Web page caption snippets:
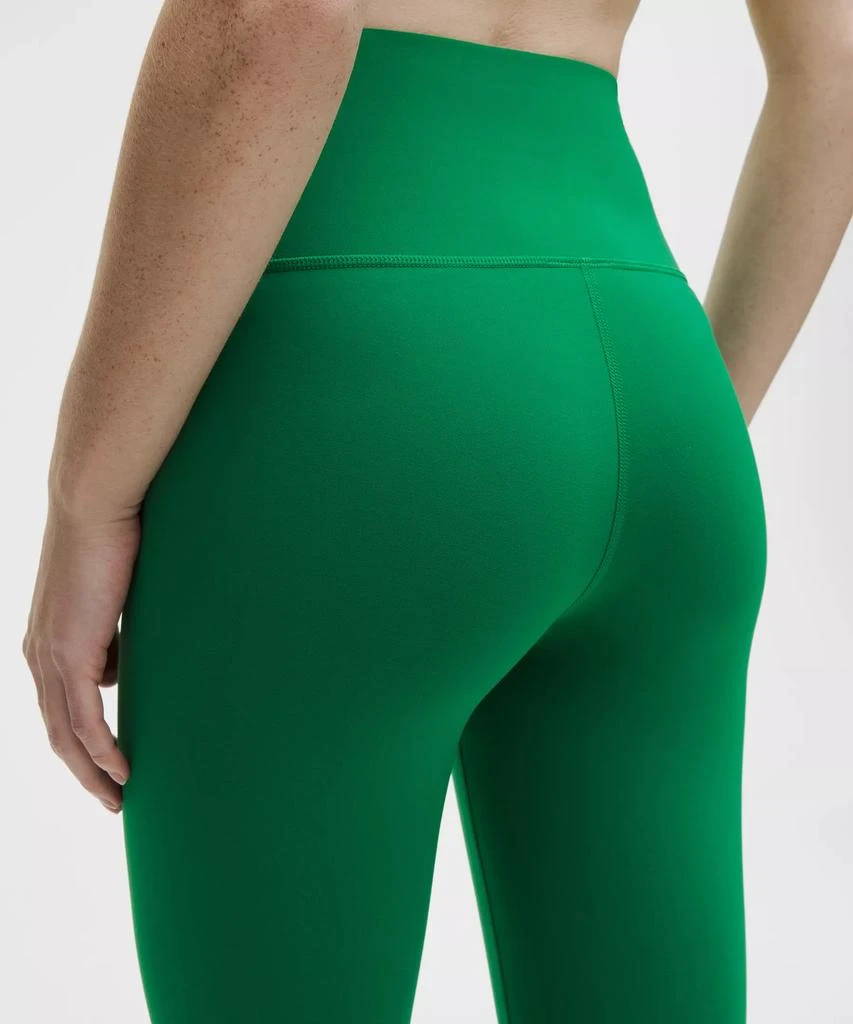 Wunder Train High-Rise Tight 25" 商品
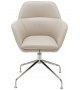 Amédée Ligne Roset Swivel Chair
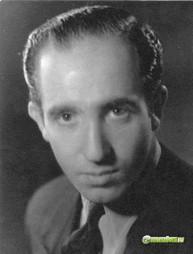 Norbert Glanzberg Norbert Glanzberg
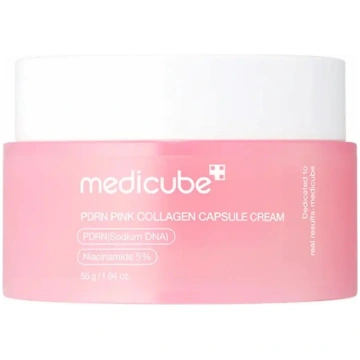 Medicube - Medicube - Pdrn Pink Collagen Capsule C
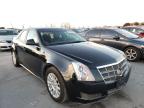 CADILLAC - CTS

ABOUT THIS EXERCISE: Starting at the line containing "Norbert Glanzberg Norbert Glanzberg", output every remaining line of the records above exactly, the last one included. Nothing else belongs in the output, and no pictures either.

SOLUTION FOR THIS TASK:
 Norbert Glanzberg Norbert Glanzberg
 Medicube - Medicube - Pdrn Pink Collagen Capsule C
 CADILLAC - CTS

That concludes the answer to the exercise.